If life is a series of moments, the advertising industry has spent a lifetime trying to create opportune moments – times when consumers are paying attention and receptive to advertising messages. Effective advertising, especially video-based advertising, often emulates a ‘moment in time’, depicting people who resemble us, doing things we enjoy or aspire to do more of – such as eating chocolate, drinking coffee, having a home loan approved or driving a shiny new car. The use of visual and verbal hooks produces the ‘aha moment’ when we realise that whatever is being advertised has sufficient appeal to make us want to open our wallets.
The concept of the Moment has become part of the lingua franca of Marketing, with the realisation that digital channels offer far more opportunities for brands to generate and share individual moments with their customers. More than a year ago, The Drum reported that ‘Meaningful Moments’ were all the rage in Silicon Valley, as social platforms explored ways to make brands relevant to people at times when they are metaphorically ‘tuned in’.
Google realised years ago that search created ‘Moments of Truth’, where people searching for information about a brand would very quickly form an impression from the first content they saw in search results. The search engine giant continues to evolve its thinking – and to shape that of Marketers – about these online moments which provide unique and highly personal chances to influence opinions and purchase behaviour. In these moments, preferences are determined and often decisions are made. Marketing has to be clever at getting the right content in front of the right person at the right time. Mobile has made this task more challenging, as the number of moments available for interaction has snowballed because consumers are online constantly, wherever they are.

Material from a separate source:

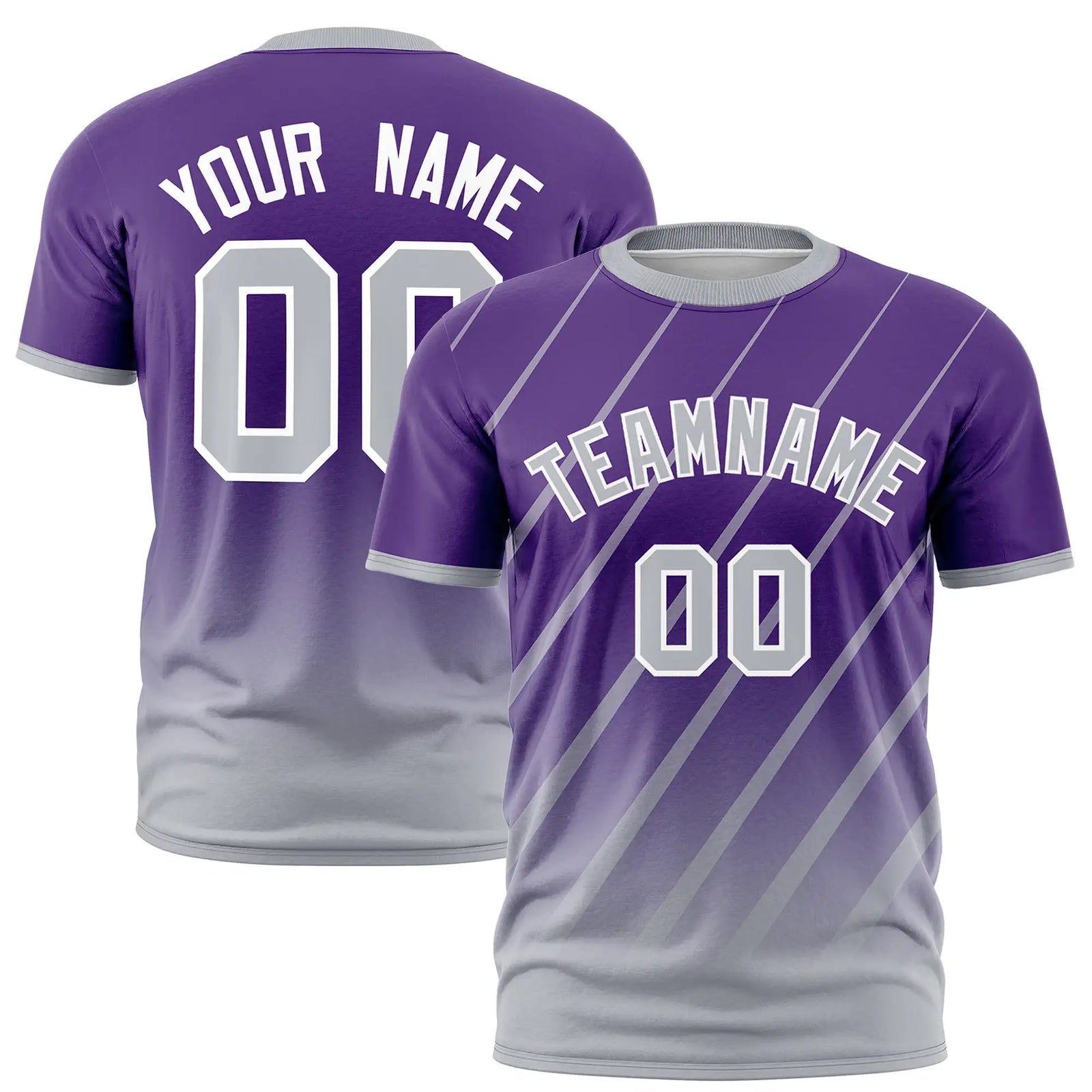 Custom Purple-Gray Gradient Fashion Diagonal Stripe Performance T-Shirt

Which leads us on to Micro Moments – defined as the ‘I want to buy’, ‘I want to go’, ‘I want to do’ and ‘I want to know’ times that occur every day and which lead us to search for whatever fulfils the specific requirement we have in mind. In fact, search behaviour means that Google can pretty much read the minds of those who use its search capabilities to mediate between their latest wish and those individuals or organisations who can fulfil it.
So far, so good. It gets complicated, however, when a whole host of brands want to seize the same moment. This is why paid search and SEO have carved out a generous slice of Marketing budget, designed to drive consumers to Owned sites where they can learn and buy, book and do in response to each Micro Moment as the urge takes them.
However, SEO may not be the most efficient way to seize the moment, as it’s rather like pushing water uphill by persuading the search engine to promote results. Rather than relying on SEO to create links and drive Owned content up the search rankings, it’s far easier to focus content marketing placements on those media which will be there already. For any given search term there will be sites which Google perceives as valuable and these sites get promoted automatically – all the brand has to do is produce the right content. It seems the ‘right place’ part of the equation is just as important as ‘right time’. For many things, the high-profile national media remain important, but there are other media which are less difficult to get into, but have equally strong status with Google. When these sites publish content, the chances of it being seen by a consumer ‘having a moment’ are much improved.